Wednesday, February 11, 2009

on Olympic icons

When I compare the consistency and legibility of Olympic icons through the years, I have come to the conclusion, (with a few exceptions) simple equals clarity.

The 1948 London logos are more illustrations than icons, and consistency seems to be a lacking as well. Some logos include the athletes and excessive detail, while others lack both. In contrast, the 1964 Tokyo icons are simple, clear and consistent. All the logos were created from solid geometric shapes. Extraneous details have been left out and the effect is surprisingly refreshing. 1968 Mexico designs have also achieved clarity and consistency; the silhouetted icons are a quick read even with the incorporation of patterns and a glorious color palette characteristic of the Aztec Indians. 1968 Grenoble logos seem to have a consistent feel of movement and excitement, but clarity may be a problem.
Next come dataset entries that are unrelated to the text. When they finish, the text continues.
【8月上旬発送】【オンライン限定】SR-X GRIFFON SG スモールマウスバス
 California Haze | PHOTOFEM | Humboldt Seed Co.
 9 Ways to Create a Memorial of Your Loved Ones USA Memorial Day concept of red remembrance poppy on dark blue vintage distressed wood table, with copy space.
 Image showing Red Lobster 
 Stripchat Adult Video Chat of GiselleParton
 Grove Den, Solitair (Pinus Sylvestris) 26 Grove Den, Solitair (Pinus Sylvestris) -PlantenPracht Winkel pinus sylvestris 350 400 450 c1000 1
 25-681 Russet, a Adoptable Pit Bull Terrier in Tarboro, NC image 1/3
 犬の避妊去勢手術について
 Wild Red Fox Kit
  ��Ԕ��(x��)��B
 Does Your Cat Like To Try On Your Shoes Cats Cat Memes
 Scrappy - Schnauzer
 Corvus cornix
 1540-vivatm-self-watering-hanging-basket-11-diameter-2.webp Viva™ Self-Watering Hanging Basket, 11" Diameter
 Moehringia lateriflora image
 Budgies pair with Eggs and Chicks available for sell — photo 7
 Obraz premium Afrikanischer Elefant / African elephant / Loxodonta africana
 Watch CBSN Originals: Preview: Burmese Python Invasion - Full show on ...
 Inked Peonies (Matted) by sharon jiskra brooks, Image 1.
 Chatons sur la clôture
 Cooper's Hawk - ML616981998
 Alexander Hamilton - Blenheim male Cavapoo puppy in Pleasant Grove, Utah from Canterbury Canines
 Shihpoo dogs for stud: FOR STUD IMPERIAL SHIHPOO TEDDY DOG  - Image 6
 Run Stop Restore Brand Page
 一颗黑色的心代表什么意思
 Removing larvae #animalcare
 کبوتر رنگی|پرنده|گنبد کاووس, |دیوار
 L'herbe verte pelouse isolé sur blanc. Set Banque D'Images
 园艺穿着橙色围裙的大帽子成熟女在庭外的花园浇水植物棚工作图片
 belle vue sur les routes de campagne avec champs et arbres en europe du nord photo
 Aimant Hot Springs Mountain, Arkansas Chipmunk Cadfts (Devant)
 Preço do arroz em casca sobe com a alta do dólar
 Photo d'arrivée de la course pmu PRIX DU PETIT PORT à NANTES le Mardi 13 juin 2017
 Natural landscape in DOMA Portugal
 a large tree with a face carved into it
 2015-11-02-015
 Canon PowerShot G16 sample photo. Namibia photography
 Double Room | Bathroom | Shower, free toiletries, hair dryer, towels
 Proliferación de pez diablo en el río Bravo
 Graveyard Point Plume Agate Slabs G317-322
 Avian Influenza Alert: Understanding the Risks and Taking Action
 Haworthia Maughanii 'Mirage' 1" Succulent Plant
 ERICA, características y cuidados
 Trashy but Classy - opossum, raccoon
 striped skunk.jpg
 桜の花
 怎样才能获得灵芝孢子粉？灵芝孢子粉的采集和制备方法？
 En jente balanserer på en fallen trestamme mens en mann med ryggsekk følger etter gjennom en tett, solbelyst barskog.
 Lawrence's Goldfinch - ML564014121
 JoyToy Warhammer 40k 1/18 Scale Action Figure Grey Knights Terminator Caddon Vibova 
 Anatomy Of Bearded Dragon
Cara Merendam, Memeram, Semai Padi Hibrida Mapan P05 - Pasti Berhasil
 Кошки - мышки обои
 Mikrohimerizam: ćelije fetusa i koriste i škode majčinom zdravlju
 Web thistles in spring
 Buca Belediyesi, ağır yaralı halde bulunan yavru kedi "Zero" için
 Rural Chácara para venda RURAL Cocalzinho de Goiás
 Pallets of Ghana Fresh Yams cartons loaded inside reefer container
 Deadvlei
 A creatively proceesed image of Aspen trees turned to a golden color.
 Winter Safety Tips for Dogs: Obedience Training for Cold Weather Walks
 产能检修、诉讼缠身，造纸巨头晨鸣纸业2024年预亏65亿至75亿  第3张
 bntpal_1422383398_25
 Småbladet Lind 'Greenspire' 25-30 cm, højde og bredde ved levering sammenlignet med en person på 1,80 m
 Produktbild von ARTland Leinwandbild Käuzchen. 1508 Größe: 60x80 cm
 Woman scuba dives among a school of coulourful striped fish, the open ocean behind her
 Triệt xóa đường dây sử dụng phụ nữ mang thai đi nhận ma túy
I am unable to decipher at least one of the icons since the pattern is so intense. 1972 Munich/1976 Montreal are undeniably simple, yet full of joyful angles to suggest movement; 1984 Los Angeles and 1988 Seoul have a similar feel, as well. And lastly, 1996 Atlanta consists of clean silhouettes with a repeated space between one of the legs and the torso. The body proportions seem accurate to give the logos an illustrative feel.